Mile 1: 8:36 - I had taken a nap and wasn't completely awake. Nonetheless, this was a bit slow for what I wanted to run. I was also enjoying the scenery, running alongside a creek, trying to ignore the freeway on the right.

Mile 2: 8:05 - This was more like it. Passed a few runners, a few bikers passed me. An uneventful mile.

Mile 3: 8:09 - Sped this one up a bit. The time doesn't show because I stopped for a 15 second water break. I knew with the run today and the run tomorrow that I had to take every opportunity I could to keep myself hydrated for the marathon on Sunday.

Mile 4: 7:58 - Was feeling pretty good with this mile. Passed a mother pushing her baby in a stroller and tons of dogs walking their owners. Was also running alongside a lake which, in conjunction with the freeway off to the left and the highway to the right, made it a bit windy. Really, the run is better than it sounds. Lots of noise and cars, but also a couple of bodies of water, a ton of trees and a creek with countless animals. I've seen bobcats, turkeys, squirrels, hawks, deer. There are even elk, mountain lion, fox, wild boar and coyotes roaming the hills, but I haven't seen any of them yet. You name it, we have it. Of course you don't see them all the time but the variety is fun to look for while running this trail.

Mile 5: 8:07 - I'd hit the turnaround and was on my way back, running over the bridge and back to the lake. Came across a good looking woman walking her dog, exchanged smiles, and I was amazed to remember her from my run on Monday. Geez, I should run this trail more often. But is there ever a correct way to approach/talk to someone while running and walking a dog? If there is, I don't know of it.

Mile 6: 8:19 - Uneventful and fell off pace a little. It was getting a bit toasty. I had decided to not wear a hat today and that makes a huge difference. Usually the hat soaks up the sweat, but without it it felt as though I was sweating buckets. It was the hottest it had been in quite a while, being in the mid 60s, and the average the last month or so has been low to mid 50s. Obviously great weather compared to other places in the US that are in 20s and 30s. But this was hot(ter) nonetheless.

Mile 7: 8:43 - I love finding places to run that have water fountains along the route, which is why I love running this route so often. This time I took a 25 second time out and stopped for water and to catch my breath. Despite the stop I was still a little off pace, which makes sense the longer you run.

Mile 8: 8:26 - I'm running along and I see a lady and her husband biking towards me. I think nothing of it. I mean, the bike path is 9-10 feet wide, how much space do you really need? Anyway, the damn lady didn't move out of the way! She kept riding next to her husband as though she had no reason to move. Almost running off the trail, squished to the far right, I dodged the rude biker. Okay maybe not that bad, but if I hadn't moved she would have ran me over and blamed me for taking her space.

Mile 9: 8:03 - I stepped this one up and wanted to try and run the last mile the fastest.
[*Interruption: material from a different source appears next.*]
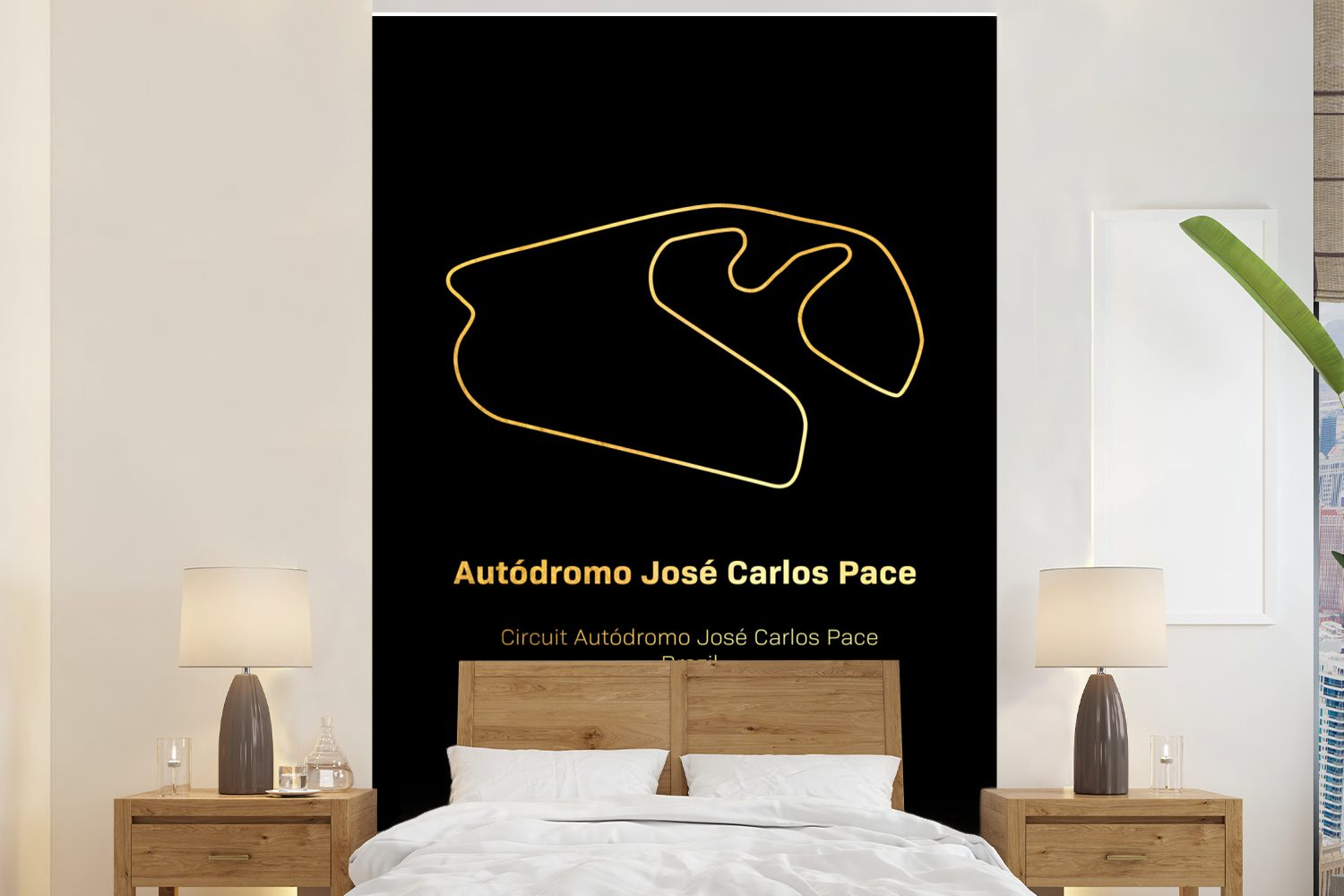 MuchoWow Fototapete Brasilien - Rennstrecke - Formel 1, Matt, bedruckt, (3 St), Montagefertig Vinyl Tapete für Wohnzimmer, Wandtapete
The whole way it felt like I was running way faster than any other mile, and yet it is only the second fastest mile. I think I started running faster already a quarter of a mile in, so that would explain not running faster than mile 4.

All in all this was a great run. I didn't feel too tired and I could have ran it faster, but then I would risk being too tired for the marathon. So a nice, evenly paced run it was, and I know I'll be ready for the marathon in Napa Valley. Tomorrow I run the Valentine Fun Run 10k in Campbell and will work on my speed, hoping to run an average sub 8 minute mile. My PR is a 7:30 pace for this distance, but ever since I've started focusing on the longer distances I haven't ran the shorter distances quite as fast, but I'm still hopeful that I can set a PR.

And what's next? 10 on the 10th? Or maybe 10k on the 10th? Either would work. Can't wait to read Nancy's great recap.

Wednesday, February 6, 2008

All Systems A Go

My mini test of two miles went perfectly today. After running 10 on Monday and 6 on Tuesday, both at a little over an 8 minute pace, I wanted to test my legs to see if they felt sluggish at all. Pace? A little faster than my marathon pace, coming in at 10 min/mile, which is a lot faster than my 50k pace, which is a better estimate for how fast I will be running for the trail marathon on Sunday.

Granted, two miles does not a marathon make. But all I needed to see was if the legs felt sluggish, which can be felt in the first few miles. Hills? I walk most of them, so how my legs feel running up hill doesn't matter. Down hill? Gravity, baby, is all I need.

So all systems are a go for my Friday through Sunday race weekend: 9 on the 9th, Valentine Fun Run 10k, and the Los Gatos Fatass Marathon.

Should be a fun weekend.

Tuesday, February 5, 2008

Upcoming Three Races

So after three successive burps in my training I have finally been able to start my training anew. First I came down with a nasty cold that put me out for four days all the while it was raining, then I came down with another sickness shortly after I recovered from the first sickness, this one even worse and put me out of commission for a little over a week, and then it continued to rain for the rest of the month. A promising month turned sour.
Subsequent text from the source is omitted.